Pero una vez más —afortunadamente para ella—, yo estaba aquí.

Antes de que los dedos del Esente pudieran siquiera rozarla, un arco de luz dorada golpeó su costado y lo hizo derrapar hacia atrás.

Juliana jadeó, retrocediendo a trompicones mientras el Esente se enderezaba.

La luz dorada todavía crepitaba alrededor de su forma antes de dispersarse en tenues volutas.

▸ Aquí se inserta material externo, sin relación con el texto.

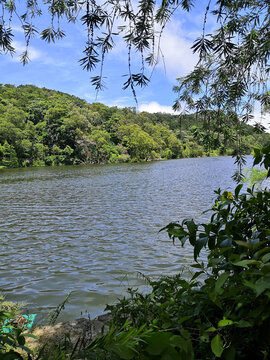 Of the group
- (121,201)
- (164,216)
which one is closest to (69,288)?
(164,216)

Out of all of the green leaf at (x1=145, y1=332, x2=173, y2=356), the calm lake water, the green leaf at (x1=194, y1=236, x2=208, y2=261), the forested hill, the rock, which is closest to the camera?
the green leaf at (x1=145, y1=332, x2=173, y2=356)

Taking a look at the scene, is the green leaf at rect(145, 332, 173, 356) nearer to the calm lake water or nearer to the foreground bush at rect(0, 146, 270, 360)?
the foreground bush at rect(0, 146, 270, 360)

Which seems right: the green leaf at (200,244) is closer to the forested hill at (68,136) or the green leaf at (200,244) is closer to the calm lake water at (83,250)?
the calm lake water at (83,250)

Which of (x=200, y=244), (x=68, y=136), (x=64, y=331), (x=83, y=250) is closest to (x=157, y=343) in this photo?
(x=200, y=244)

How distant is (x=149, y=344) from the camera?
998mm

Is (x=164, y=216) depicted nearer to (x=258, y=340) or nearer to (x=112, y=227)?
(x=112, y=227)

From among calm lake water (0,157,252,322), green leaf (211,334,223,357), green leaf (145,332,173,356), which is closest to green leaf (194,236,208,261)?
green leaf (211,334,223,357)

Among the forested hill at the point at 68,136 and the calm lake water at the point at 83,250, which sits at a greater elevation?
the forested hill at the point at 68,136

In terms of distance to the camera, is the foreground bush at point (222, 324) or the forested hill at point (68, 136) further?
the forested hill at point (68, 136)

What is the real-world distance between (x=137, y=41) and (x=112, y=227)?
8.68 metres

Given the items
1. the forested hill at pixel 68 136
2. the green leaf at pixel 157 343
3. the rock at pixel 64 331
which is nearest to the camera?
the green leaf at pixel 157 343

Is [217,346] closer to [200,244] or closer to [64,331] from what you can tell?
[200,244]

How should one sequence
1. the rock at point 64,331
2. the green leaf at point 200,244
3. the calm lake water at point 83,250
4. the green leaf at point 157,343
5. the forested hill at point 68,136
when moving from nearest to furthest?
the green leaf at point 157,343 → the green leaf at point 200,244 → the rock at point 64,331 → the calm lake water at point 83,250 → the forested hill at point 68,136

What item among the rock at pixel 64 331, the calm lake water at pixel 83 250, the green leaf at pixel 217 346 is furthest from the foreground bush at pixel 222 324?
the calm lake water at pixel 83 250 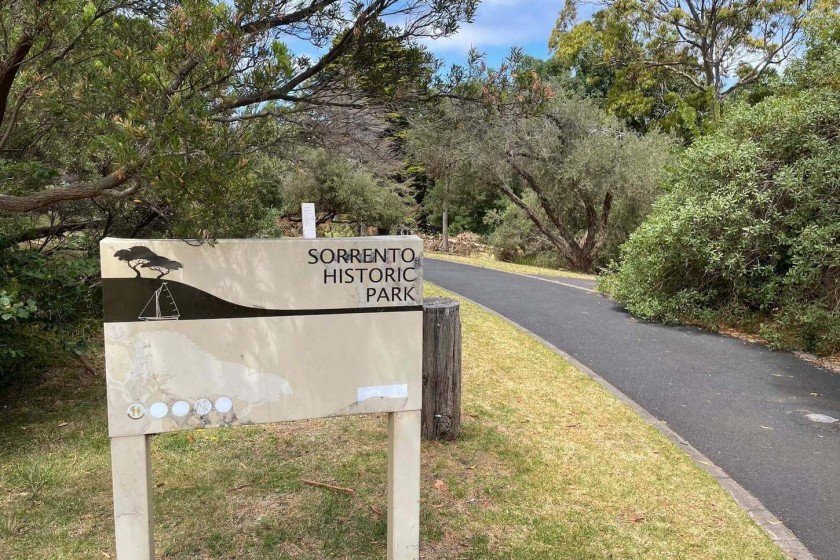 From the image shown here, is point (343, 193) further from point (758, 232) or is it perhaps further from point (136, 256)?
point (136, 256)

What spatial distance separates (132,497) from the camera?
8.75ft

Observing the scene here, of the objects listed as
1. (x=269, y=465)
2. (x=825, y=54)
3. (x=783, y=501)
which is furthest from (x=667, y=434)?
(x=825, y=54)

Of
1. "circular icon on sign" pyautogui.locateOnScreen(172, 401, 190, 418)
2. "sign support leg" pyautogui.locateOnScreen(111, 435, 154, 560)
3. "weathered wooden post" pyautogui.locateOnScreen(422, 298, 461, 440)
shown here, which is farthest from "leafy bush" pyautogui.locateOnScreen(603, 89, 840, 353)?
"sign support leg" pyautogui.locateOnScreen(111, 435, 154, 560)

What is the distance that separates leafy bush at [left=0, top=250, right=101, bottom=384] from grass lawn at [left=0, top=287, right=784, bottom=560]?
22.2 inches

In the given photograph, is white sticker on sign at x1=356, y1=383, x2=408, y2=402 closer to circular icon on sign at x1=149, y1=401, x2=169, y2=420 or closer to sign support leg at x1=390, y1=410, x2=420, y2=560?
sign support leg at x1=390, y1=410, x2=420, y2=560

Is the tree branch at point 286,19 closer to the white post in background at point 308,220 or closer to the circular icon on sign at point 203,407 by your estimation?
the white post in background at point 308,220

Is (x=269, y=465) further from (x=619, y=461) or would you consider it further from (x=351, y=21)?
(x=351, y=21)

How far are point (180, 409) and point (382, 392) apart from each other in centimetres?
92

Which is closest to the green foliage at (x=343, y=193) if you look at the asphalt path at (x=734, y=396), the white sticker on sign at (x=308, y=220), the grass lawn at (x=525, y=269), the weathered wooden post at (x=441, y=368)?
the grass lawn at (x=525, y=269)

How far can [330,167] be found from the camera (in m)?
18.8

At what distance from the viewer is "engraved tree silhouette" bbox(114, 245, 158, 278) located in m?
2.52

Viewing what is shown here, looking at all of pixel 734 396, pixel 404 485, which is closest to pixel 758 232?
pixel 734 396

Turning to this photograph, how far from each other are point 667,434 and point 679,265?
535 centimetres

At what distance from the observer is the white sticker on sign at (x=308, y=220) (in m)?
2.85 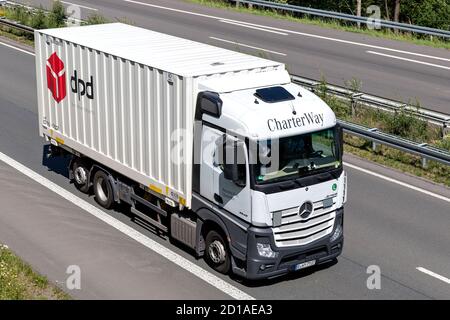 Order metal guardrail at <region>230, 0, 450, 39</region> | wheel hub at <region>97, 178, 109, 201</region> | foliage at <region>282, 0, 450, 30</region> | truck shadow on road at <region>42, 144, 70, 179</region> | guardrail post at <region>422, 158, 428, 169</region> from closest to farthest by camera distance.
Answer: wheel hub at <region>97, 178, 109, 201</region>
truck shadow on road at <region>42, 144, 70, 179</region>
guardrail post at <region>422, 158, 428, 169</region>
metal guardrail at <region>230, 0, 450, 39</region>
foliage at <region>282, 0, 450, 30</region>

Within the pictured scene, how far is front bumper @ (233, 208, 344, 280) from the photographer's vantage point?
1091 cm

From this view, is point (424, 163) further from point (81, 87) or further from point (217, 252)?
point (81, 87)

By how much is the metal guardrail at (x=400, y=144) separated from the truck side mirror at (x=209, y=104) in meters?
6.64

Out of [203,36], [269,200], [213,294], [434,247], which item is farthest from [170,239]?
[203,36]

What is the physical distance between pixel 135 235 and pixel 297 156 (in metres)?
3.68

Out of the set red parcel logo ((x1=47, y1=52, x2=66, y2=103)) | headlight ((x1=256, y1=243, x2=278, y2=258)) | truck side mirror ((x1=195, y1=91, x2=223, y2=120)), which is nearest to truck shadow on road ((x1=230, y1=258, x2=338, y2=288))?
headlight ((x1=256, y1=243, x2=278, y2=258))

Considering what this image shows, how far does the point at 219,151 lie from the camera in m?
11.2

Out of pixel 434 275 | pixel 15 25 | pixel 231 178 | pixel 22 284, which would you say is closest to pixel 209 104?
pixel 231 178

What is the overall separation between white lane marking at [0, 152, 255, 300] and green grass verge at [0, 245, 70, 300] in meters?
2.09

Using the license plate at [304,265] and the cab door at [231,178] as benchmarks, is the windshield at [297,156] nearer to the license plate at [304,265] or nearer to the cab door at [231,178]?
the cab door at [231,178]

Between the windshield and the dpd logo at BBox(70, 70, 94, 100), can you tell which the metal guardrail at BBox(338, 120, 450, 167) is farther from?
the dpd logo at BBox(70, 70, 94, 100)

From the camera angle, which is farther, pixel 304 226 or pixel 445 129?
pixel 445 129

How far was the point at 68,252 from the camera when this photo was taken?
12.4 metres

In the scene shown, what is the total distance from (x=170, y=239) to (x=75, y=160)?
321 centimetres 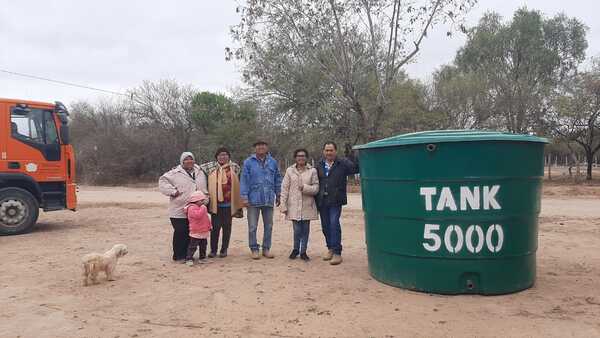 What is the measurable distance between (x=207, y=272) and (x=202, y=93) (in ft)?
91.3

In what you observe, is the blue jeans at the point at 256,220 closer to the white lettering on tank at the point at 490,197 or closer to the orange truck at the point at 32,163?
the white lettering on tank at the point at 490,197

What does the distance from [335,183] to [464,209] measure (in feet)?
6.07

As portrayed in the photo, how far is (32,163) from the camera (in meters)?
8.84

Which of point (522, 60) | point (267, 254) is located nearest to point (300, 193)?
point (267, 254)

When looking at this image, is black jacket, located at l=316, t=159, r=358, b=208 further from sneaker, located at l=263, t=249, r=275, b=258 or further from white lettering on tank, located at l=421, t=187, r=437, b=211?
white lettering on tank, located at l=421, t=187, r=437, b=211

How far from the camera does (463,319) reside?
13.0 feet

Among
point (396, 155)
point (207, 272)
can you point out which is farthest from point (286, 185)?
point (396, 155)

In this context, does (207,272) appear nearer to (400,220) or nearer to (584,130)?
(400,220)

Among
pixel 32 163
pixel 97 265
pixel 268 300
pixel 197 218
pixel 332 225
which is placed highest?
pixel 32 163

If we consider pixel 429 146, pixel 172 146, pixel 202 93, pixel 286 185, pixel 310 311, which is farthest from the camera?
pixel 202 93

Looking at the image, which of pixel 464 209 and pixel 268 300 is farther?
pixel 268 300

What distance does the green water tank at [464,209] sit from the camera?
4457 mm

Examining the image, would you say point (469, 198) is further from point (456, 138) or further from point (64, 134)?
point (64, 134)

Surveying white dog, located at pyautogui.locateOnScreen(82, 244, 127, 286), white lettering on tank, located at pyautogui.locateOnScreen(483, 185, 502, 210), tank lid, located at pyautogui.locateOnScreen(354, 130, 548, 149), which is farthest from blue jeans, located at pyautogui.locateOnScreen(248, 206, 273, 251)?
white lettering on tank, located at pyautogui.locateOnScreen(483, 185, 502, 210) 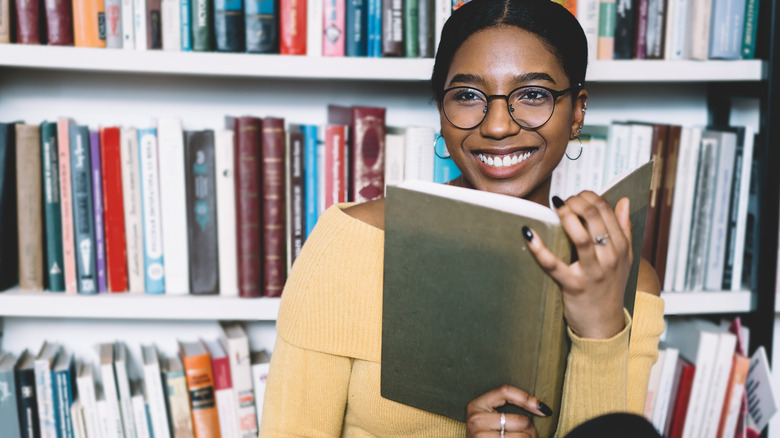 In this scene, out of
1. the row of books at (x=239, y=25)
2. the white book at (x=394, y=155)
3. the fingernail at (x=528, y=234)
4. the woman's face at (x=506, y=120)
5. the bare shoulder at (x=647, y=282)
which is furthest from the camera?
the white book at (x=394, y=155)

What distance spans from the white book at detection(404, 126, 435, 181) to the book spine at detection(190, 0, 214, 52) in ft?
1.20

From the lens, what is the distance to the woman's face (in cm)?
79

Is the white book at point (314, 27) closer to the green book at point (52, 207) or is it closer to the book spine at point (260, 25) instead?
the book spine at point (260, 25)

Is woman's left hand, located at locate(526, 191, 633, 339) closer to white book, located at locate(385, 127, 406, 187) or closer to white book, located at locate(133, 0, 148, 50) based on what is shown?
white book, located at locate(385, 127, 406, 187)

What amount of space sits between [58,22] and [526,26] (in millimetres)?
738

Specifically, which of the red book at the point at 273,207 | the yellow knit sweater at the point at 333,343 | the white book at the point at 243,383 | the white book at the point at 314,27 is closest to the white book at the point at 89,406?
the white book at the point at 243,383

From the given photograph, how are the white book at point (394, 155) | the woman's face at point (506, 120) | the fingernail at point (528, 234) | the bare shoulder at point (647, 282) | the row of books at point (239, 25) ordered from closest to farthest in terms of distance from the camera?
the fingernail at point (528, 234) < the woman's face at point (506, 120) < the bare shoulder at point (647, 282) < the row of books at point (239, 25) < the white book at point (394, 155)

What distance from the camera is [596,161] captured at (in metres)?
1.18

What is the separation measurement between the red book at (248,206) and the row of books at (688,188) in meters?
0.54

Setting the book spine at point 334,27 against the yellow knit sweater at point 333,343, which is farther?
the book spine at point 334,27

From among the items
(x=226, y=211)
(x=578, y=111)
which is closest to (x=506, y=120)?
(x=578, y=111)

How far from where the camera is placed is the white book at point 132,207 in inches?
42.6

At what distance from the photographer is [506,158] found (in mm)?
812

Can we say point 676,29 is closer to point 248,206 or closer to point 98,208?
point 248,206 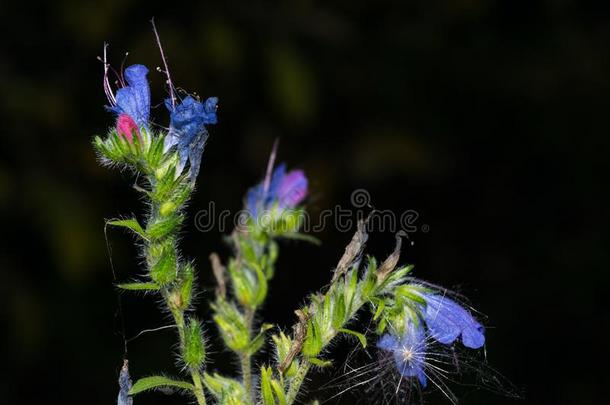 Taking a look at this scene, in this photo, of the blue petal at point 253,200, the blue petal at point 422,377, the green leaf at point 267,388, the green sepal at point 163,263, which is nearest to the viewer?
the green leaf at point 267,388

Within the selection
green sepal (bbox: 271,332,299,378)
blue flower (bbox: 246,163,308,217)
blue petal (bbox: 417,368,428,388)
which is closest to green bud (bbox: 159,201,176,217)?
green sepal (bbox: 271,332,299,378)

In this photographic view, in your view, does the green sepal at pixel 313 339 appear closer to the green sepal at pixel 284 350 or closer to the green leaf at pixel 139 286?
the green sepal at pixel 284 350

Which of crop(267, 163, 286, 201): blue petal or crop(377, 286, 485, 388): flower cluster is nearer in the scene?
crop(377, 286, 485, 388): flower cluster

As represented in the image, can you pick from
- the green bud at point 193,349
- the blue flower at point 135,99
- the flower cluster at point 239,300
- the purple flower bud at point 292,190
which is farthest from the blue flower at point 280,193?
the green bud at point 193,349

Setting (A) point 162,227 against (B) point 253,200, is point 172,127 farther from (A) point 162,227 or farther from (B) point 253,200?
(B) point 253,200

Pero el ataque había hecho daño donde había golpeado.

Su profundo brillo azul se fracturó, dividiéndose en irregulares vetas de luz como si algo en su interior se hubiera desgarrado.

Hilos de luz azul se desprendieron de su forma, disolviéndose en el aire como ascuas en el viento.

La herida donde mi ataque había impactado no sanó.

En su lugar, pulsaba con una energía inestable.

Se hizo el silencio.

Y todos en la habitación centraron su atención en mí.

Incluso el Esente giró su cabeza sin rostro hacia mí, como si mirara a pesar de no tener ojos.

Bajé lentamente la espada larga gemela de mi mano derecha y apunté a Rexerd con la de mi izquierda.

Entonces, con una sonrisa sin alegría que no llegó a mis ojos, pregunté: —¿Es esta forma de recibir a sus queridos alumnos, Profesor Rexerd?